Why agency jobs may be right up millennials' alley

SAP's Bill McDermott says organizations that don't adapt to younger workers are "doomed to fail" for the next 10 years.

Bill McDermott (Photo: SAP AG)

SAP AG Co-CEO Bill McDermott (Photo: SAP AG)

Bill McDermott, the 51-year-old co-CEO of SAP AG, shared an interesting stat with attendees at the Northern Virginia Technology Council's Oct. 30 Tech Celebration banquet.

Characterizing millennials -- workers in their 20s and early 30s -- as narcissistic and not career-oriented is unfair, he argued. What they are is "mobile, social and purpose driven," he said. "Eighty-four percent would rather work for a company with a purpose, that does something that matters," than get personal recognition like "a raise or a promotion."

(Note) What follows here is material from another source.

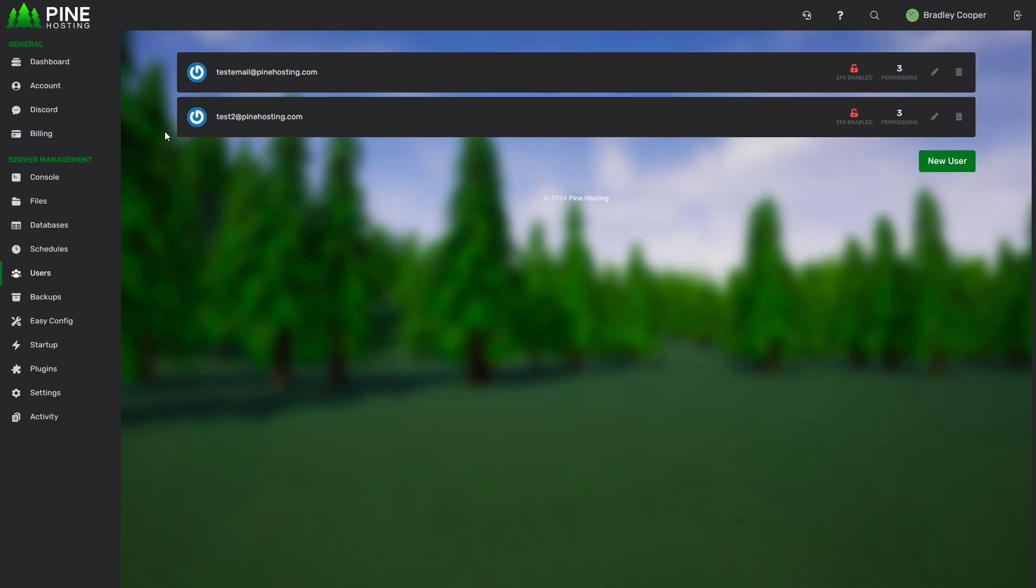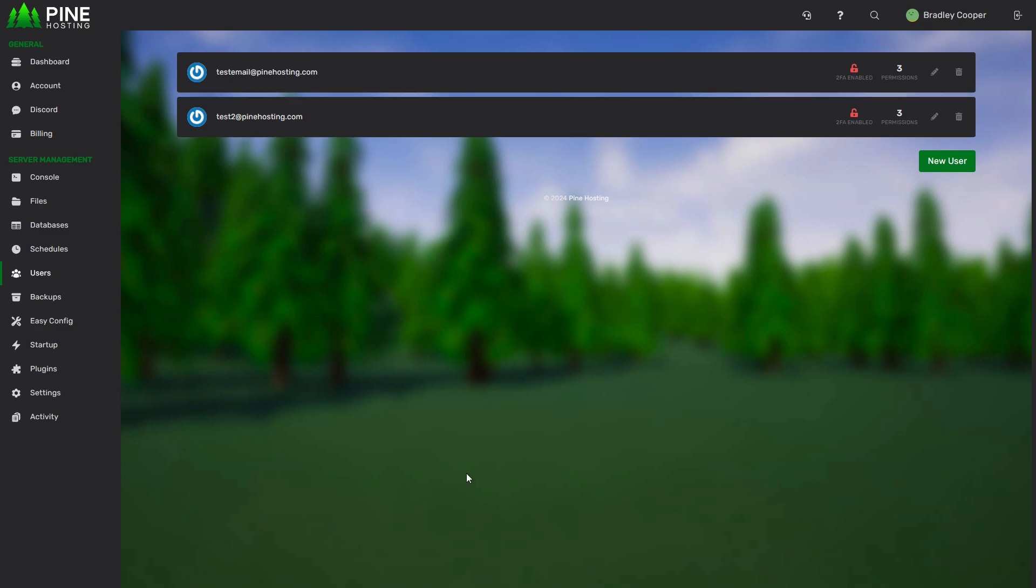After a new user has been added they'll receive an email where they can set up their account. This is similar to the first time you set up the account where you just put in the password you'd like to use. If they already have an account with us because they were a previous customer or a previous sub user then they can just log into that account as long as the email address is the same.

Greater purpose, rare raises and nearly non-existent public praise? Young people, has government got a job for you!

Kidding aside, McDermott's remarks echoed something federal CIO Steven VanRoekel said Oct. 29 at ACT-IAC's recent Executive Leadership Conference. "Impact at scale," VanRoekel said, is the number one reason to give young people asking why they should work in government.

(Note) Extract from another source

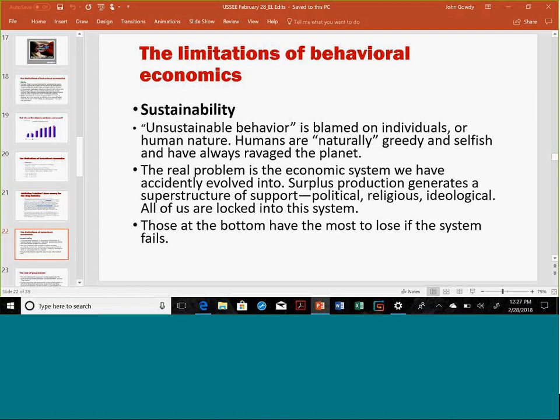Another thing has to do with sustainability. In the literature, unsustainable behavior is often blamed on individuals or human nature — humans are greedy and selfish, they've always ravaged nature and marched across the planet causing overkill, which actually did happen based on some recent studies of climate change and extinction of large mammal species. But the real problem is the economic system we've accidentally evolved into. Surplus production generates a superstructure of support — political, religious, ideological — and all of them are locked into this system. This is an area I've been working on with a colleague, Lisey Kroll, for several years, looking at the human economy as one unified system.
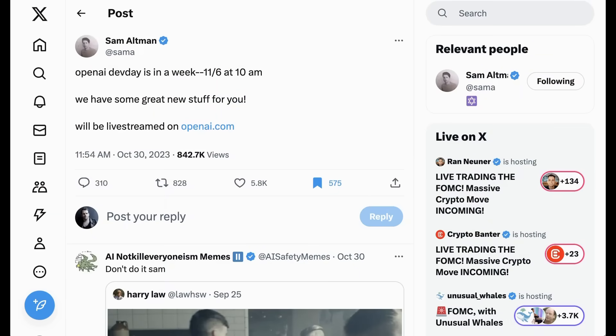Welcome back to the AI Breakdown. Undisputedly, the biggest event coming up in artificial intelligence in the near future is OpenAI's Dev Day, which is happening on November 6th.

When at Microsoft, VanRoekel said, he thought he "was at the pinnacle" of working on "big projects ... with worldwide impact. But coming to government, by orders of magnitude, outpaces that in terms of what you can do."

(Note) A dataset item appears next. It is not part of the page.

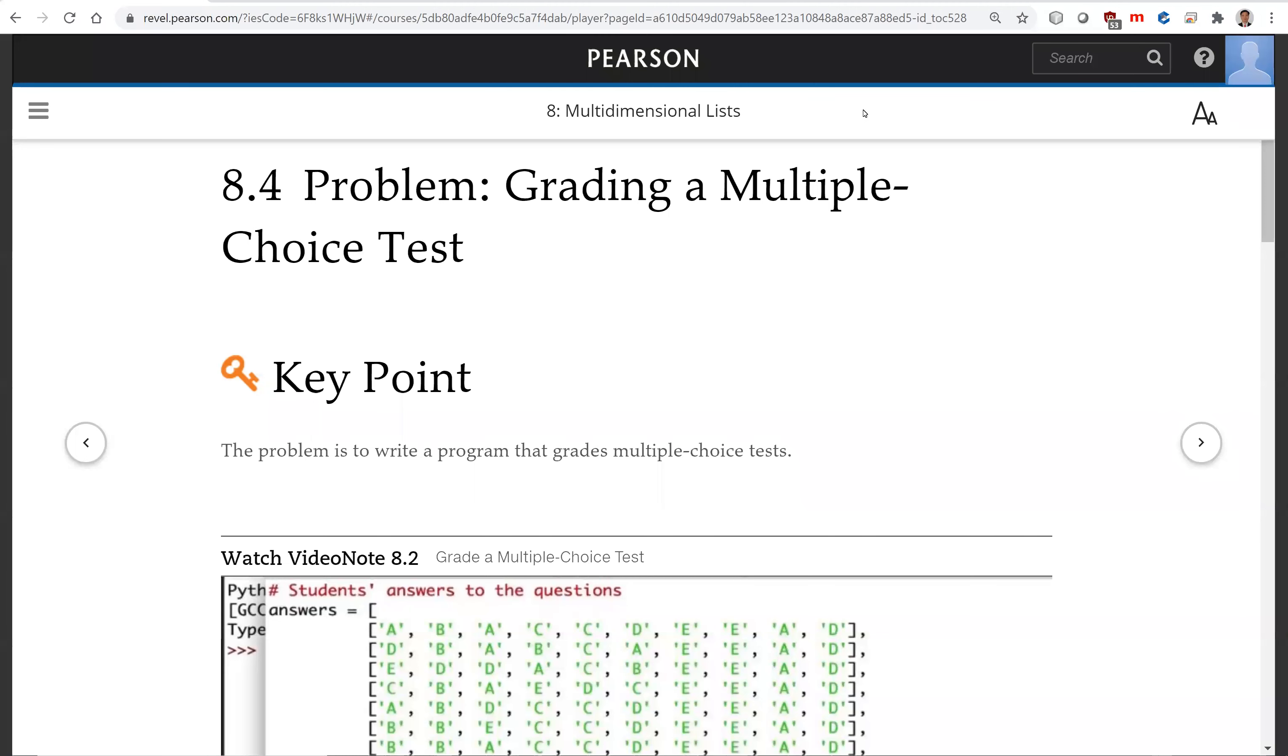Hello. In this video, we will present a case study on grading a multiple-choice test.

McDermott offered another statistic to illustrate that point -- and to show just how much impact younger workers can have. The average age of engineers working on NASA's Apollo program in the 1960s, he said, was 26. The team lead? Thirty-one.

So actively recruit millennials, McDermott urged. Give them real responsibility early, and give them freedom to experiment and fail.

"If [a project] fails, kill it," he said. "But you have to create a culture where failure is acceptable."